Problem
One range is to be output from the listing below, exactly as written: the line with "New 2025 Ford" to the line with "Cadre LED Illumigo", both kept.

Available data
========================

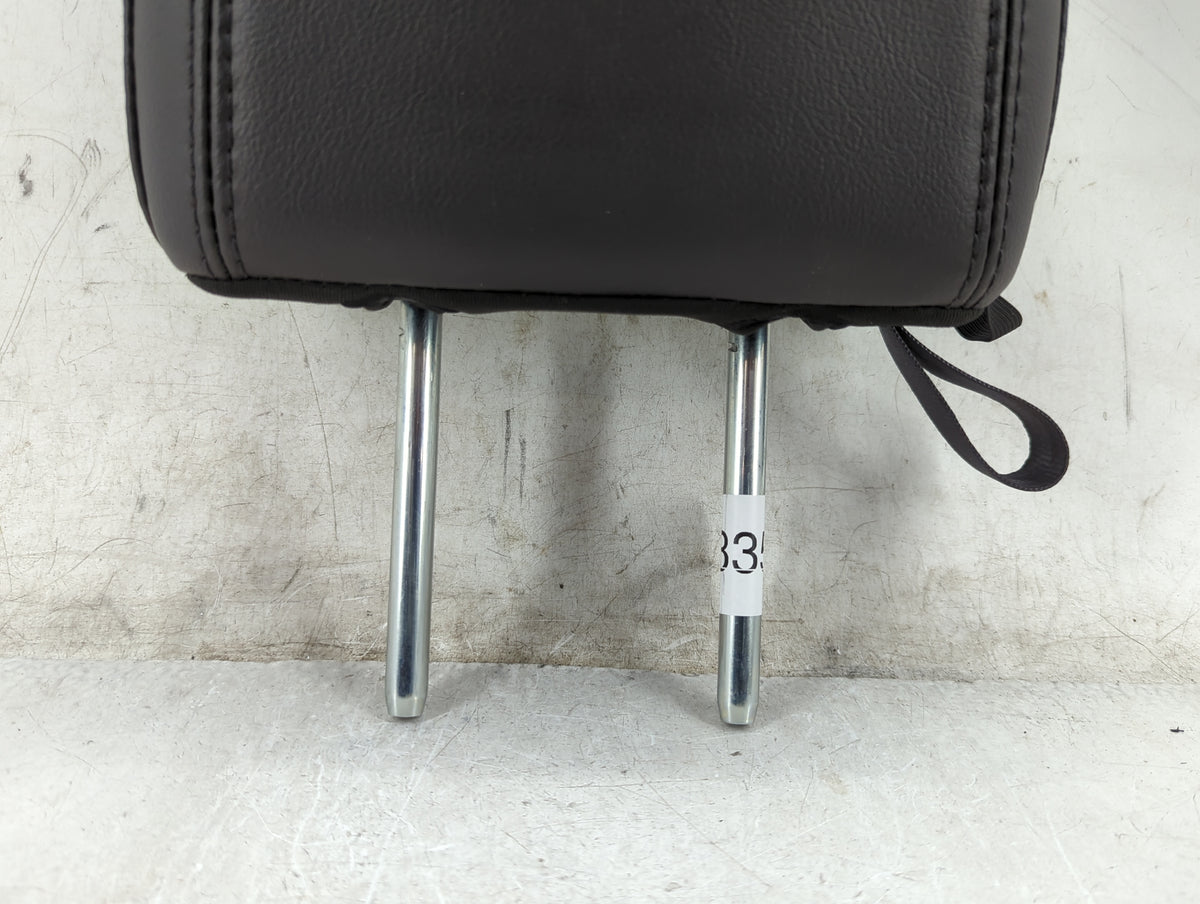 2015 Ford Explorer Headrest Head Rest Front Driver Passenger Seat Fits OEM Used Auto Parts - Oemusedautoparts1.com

========================

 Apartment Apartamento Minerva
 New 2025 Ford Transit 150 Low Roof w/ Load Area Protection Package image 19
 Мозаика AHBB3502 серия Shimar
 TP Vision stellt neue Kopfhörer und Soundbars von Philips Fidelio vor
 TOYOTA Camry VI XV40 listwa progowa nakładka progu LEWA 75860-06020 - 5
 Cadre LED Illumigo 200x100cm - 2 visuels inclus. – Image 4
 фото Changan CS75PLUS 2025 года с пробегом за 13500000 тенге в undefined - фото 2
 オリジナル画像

========================

Expected answer
 New 2025 Ford Transit 150 Low Roof w/ Load Area Protection Package image 19
 Мозаика AHBB3502 серия Shimar
 TP Vision stellt neue Kopfhörer und Soundbars von Philips Fidelio vor
 TOYOTA Camry VI XV40 listwa progowa nakładka progu LEWA 75860-06020 - 5
 Cadre LED Illumigo 200x100cm - 2 visuels inclus. – Image 4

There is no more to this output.